> [Information provided]:
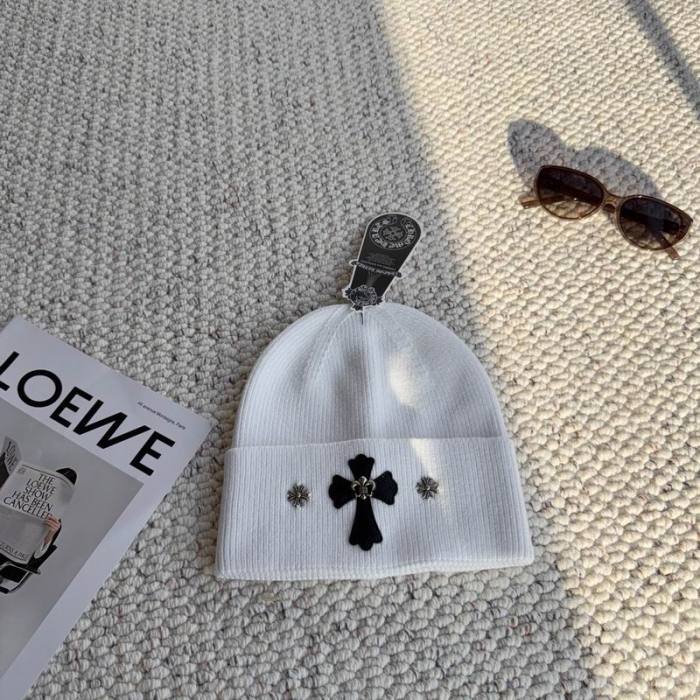 Chrome Hearts Hats AAA-520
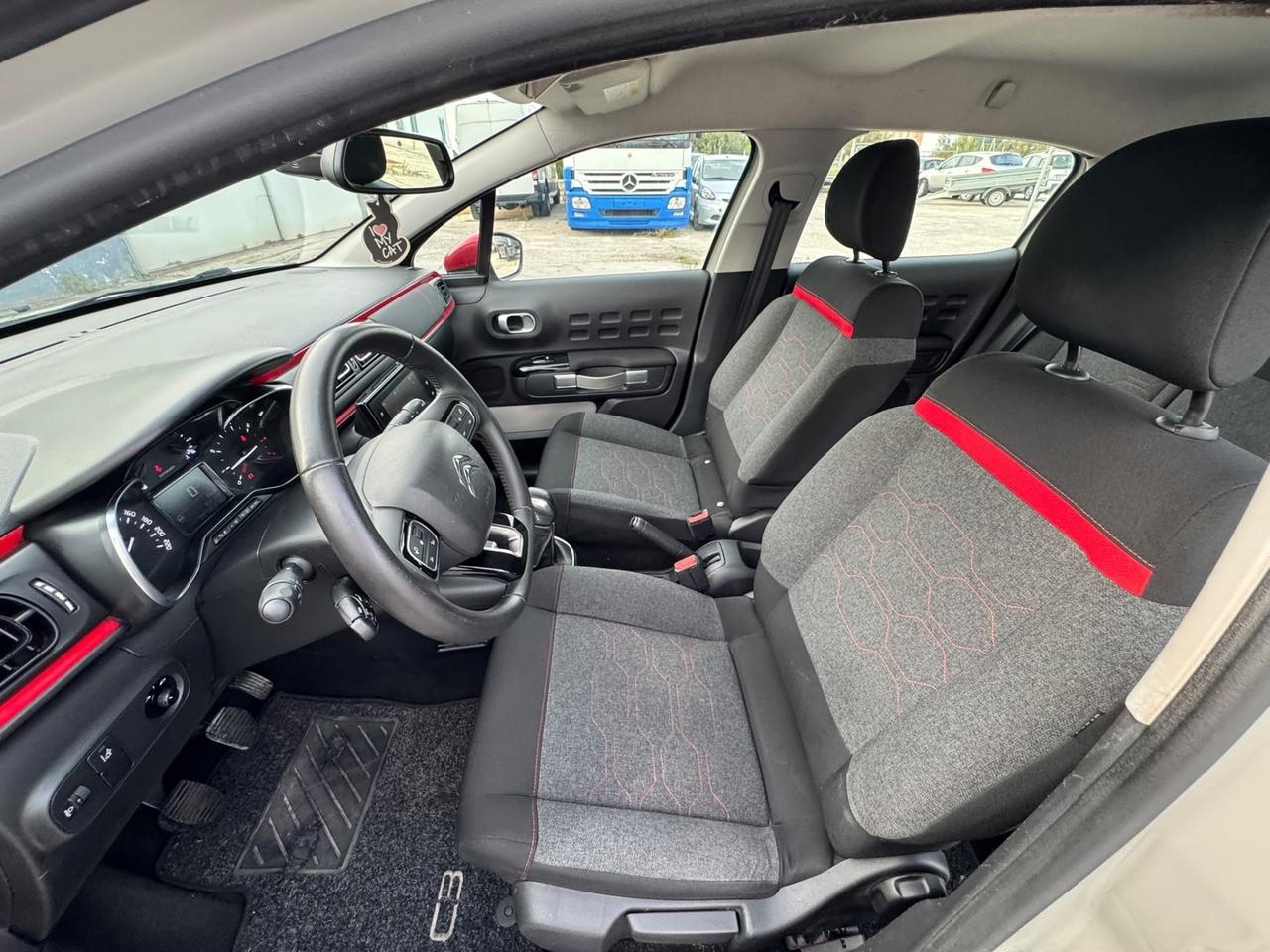 Citroen C3 BlueHDi 75 S&S Shine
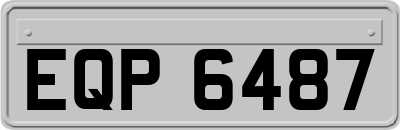 EQP6487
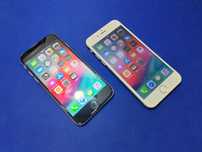 Lot iphone 6, iphone 7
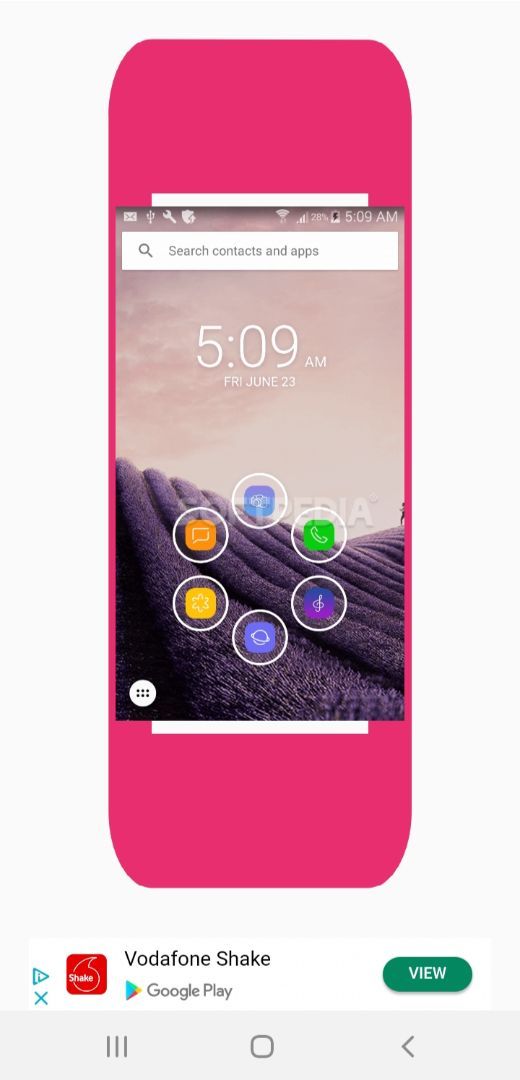 Theme for Huawei P30 Lite screenshot #3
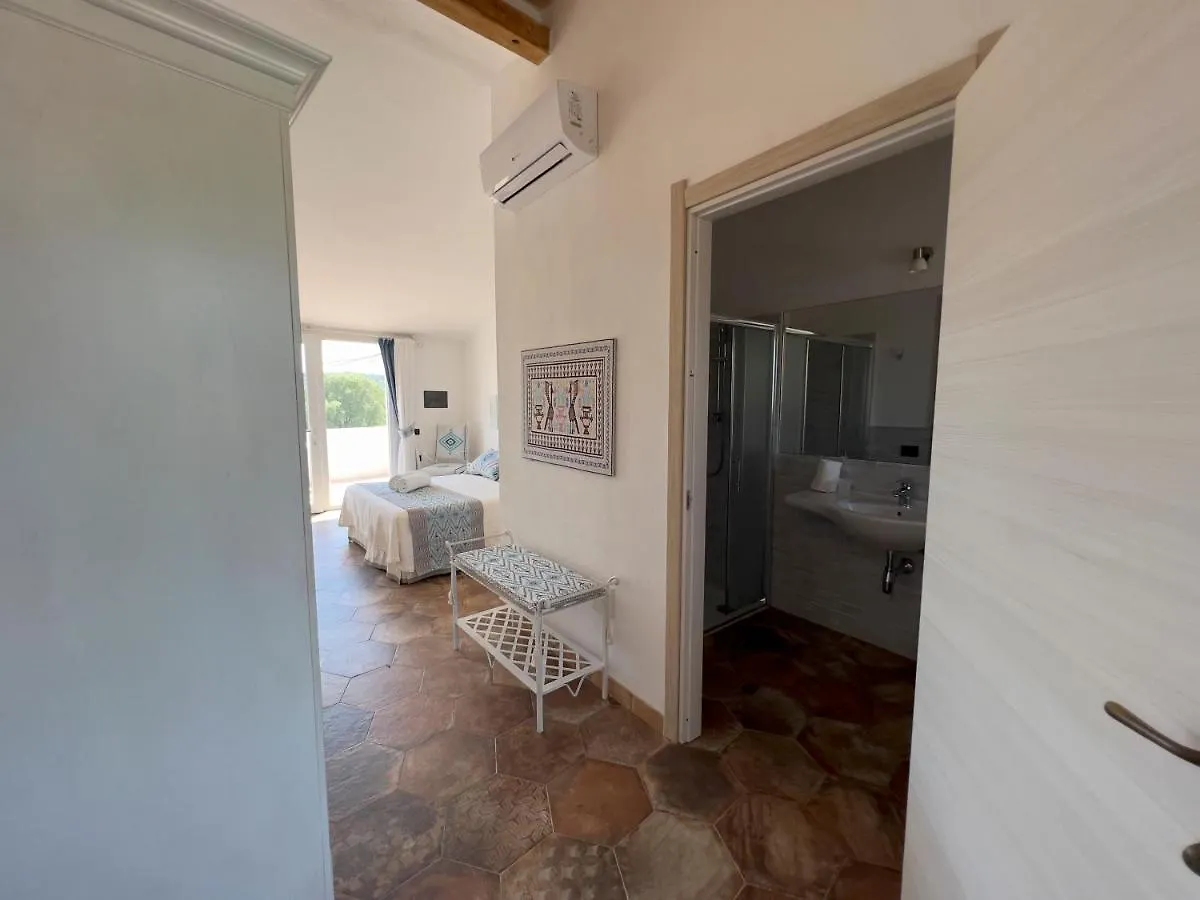 Hotel Altura Villasimius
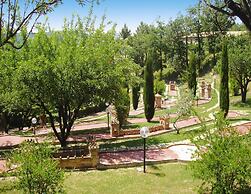 Apartment La Ginestra in Montelparo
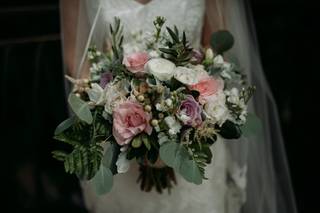 Tre Bella Flowers - 27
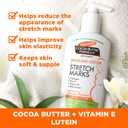Palmer's Cocoa Butter Formula Pregnancy Skin Care Kit for Stretch Marks and Scars, Dermatologist Approved, Gift for Mom to Be, 4 Piece Full Size Set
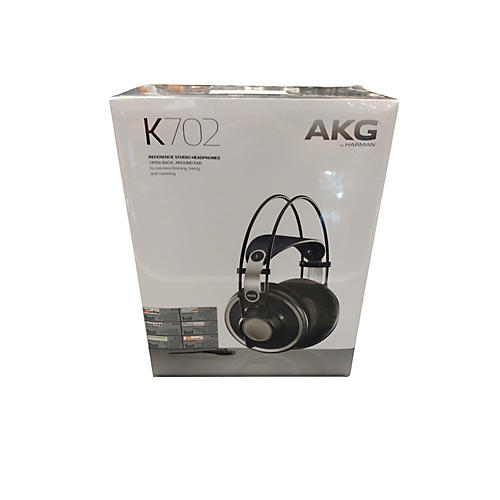 AKG Used AKG K702 Studio Headphones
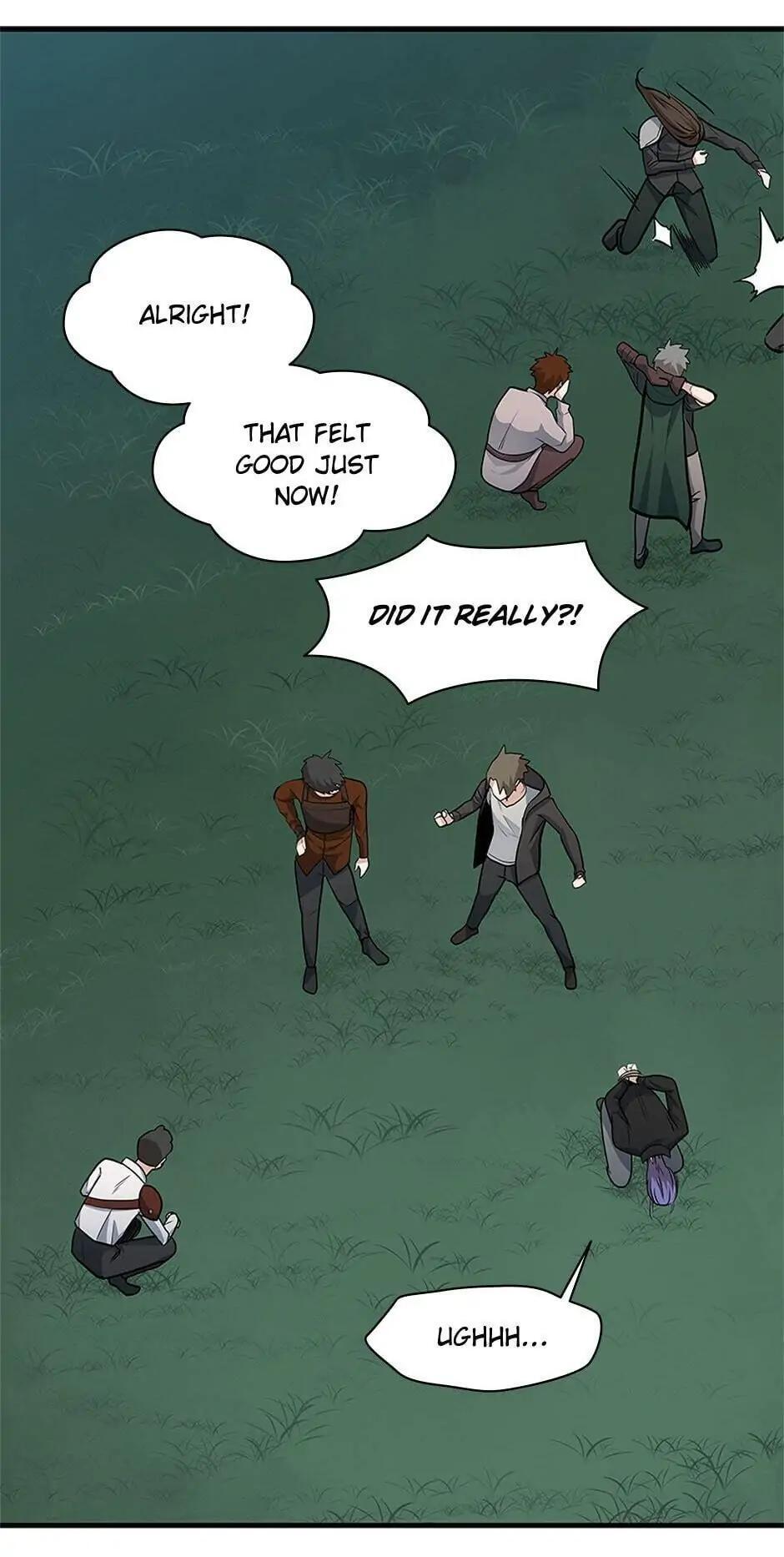 Read The Tutorial Is Too Tough! Manga Online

> [About this exercise]:
An exact copy is needed of every line from the one holding "Citroen C3 BlueHDi 75 S&S Shine" to the end of the entries above, both ends kept and each picture dropped.

> [Response below]:
 Citroen C3 BlueHDi 75 S&S Shine
 EQP6487
 Lot iphone 6, iphone 7
 Theme for Huawei P30 Lite screenshot #3
 Hotel Altura Villasimius
 Apartment La Ginestra in Montelparo
 Tre Bella Flowers - 27
Palmer's Cocoa Butter Formula Pregnancy Skin Care Kit for Stretch Marks and Scars, Dermatologist Approved, Gift for Mom to Be, 4 Piece Full Size Set
 AKG Used AKG K702 Studio Headphones
 Read The Tutorial Is Too Tough! Manga Online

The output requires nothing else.